2、尝试修改cpp_extension.py

原始编译过程中出现错误:

cl /showIncludes -mdll -O -Wall -DMS_WIN64 '-IE:\ZTensor\programs\PCT_Pytorch-main\pointnet2_ops_lib\pointnet2_ops\_ext-src\include' '-ID:\ProgramTensor\Anaconda3\envs\pytorch\lib\site-packages\torch\include' '-ID:\ProgramTensor\Anaconda3\envs\pytorch\lib\site-packages\torch\include\torch\csrc\api\include' '-ID:\ProgramTensor\Anaconda3\envs\pytorch\lib\site-packages\torch\include\TH' '-ID:\ProgramTensor\Anaconda3\envs\pytorch\lib\site-packages\torch\include\THC' '-ID:\ProgramTensor\NVIDIA\CUDA\v10.0\include' '-ID:\ProgramTensor\Anaconda3\envs\pytorch\include' '-ID:\ProgramTensor\Anaconda3\envs\pytorch\include' -c -c E:\ZTensor\programs\PCT_Pytorch-main\pointnet2_ops_lib\pointnet2_ops\_ext-src\src\group_points.cpp /FoE:\ZTensor\programs\PCT_Pytorch-main\pointnet2_ops_lib\build\temp.win-amd64-3.7\Release\pointnet2_ops\_ext-src\src\group_points.o -Zi -DTORCH_API_INCLUDE_EXTENSION_H -DTORCH_EXTENSION_NAME=_ext -D_GLIBCXX_USE_CXX11_ABI=0 -std=c++14
显然,其中包含头文件-I选项出现了错误(-I不能出现在表示路径的引号之内)

解决方案:
进入cpp_extension.cpp,定位_write_ninja_file_and_compile_objects函数(约1225行),其中cflags为cl编译选项,post_cflags为cl编译后置选项,cuda_cflags,cuda_post_cflags为nvcc编译的对应选项。
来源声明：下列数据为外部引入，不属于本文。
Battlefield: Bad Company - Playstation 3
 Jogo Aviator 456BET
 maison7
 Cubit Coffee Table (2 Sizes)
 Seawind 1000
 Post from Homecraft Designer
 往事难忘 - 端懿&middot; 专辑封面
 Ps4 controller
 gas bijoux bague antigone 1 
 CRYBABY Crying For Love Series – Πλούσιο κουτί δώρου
在调用_write_ninja_file函数之前,编写命令行字符串处理函数:

def formatcflags(cflags):
    temp = []
    for f in cflags:
        if f.count('-ccbin '):
            temp.append('-ccbin ')
            f = f.replace('-I-ccbin ', '')
            f = f[1: -1]
            f = '"' + f + '"'
        elif f.count('-I'):
            temp.append('-I')
            f = f.replace('-I', '')
            f = f[1: -1]
            f = '"' + f + '"'
        temp.append(f)
    temp = [f.replace('\\', '/') for f in temp]
    return temp

def formatcudapostflags(pflags):
    #去除-fPIC选项前后多余的单引号和双引号
    pflags = [f[6:-6] if f.count('-fPIC') else f for f in pflags]
    return pflags

调用以上函数,分别处理cflags、cuda_cflags和cuda_post_flags:

cflags = formatcflags(cflags)
cuda_cflags = formatcflags(cuda_cflags)
cuda_post_cflags = formatcudapostflags(cuda_post_cflags)

3、尝试修改setup.py

常常会出现缺少头文件、库文件的情况,因此需要对setup.py做附加信息处理,定义:

cmd1 = r'-ccbin D:\Program Files (x86)\Microsoft Visual Studio\2017\Professional\VC\Tools\MSVC\14.16.27023\bin\Hostx64\x64'
vcdir1 = r'C:/Program Files (x86)/Windows Kits/10/Include/10.0.17763.0/shared'
vcdir2 = r'C:/Program Files (x86)/Windows Kits/10/Include/10.0.17763.0/ucrt'
vcdir3 = r'D:/Program Files (x86)/Microsoft Visual Studio/2017/Professional/VC/Tools/MSVC/14.16.27023/include'

然后把这些信息粗暴的加入到include中:

include_dirs=[osp.join(this_dir, _ext_src_root, "include"), cmd1, vcdir1, vcdir2, vcdir3]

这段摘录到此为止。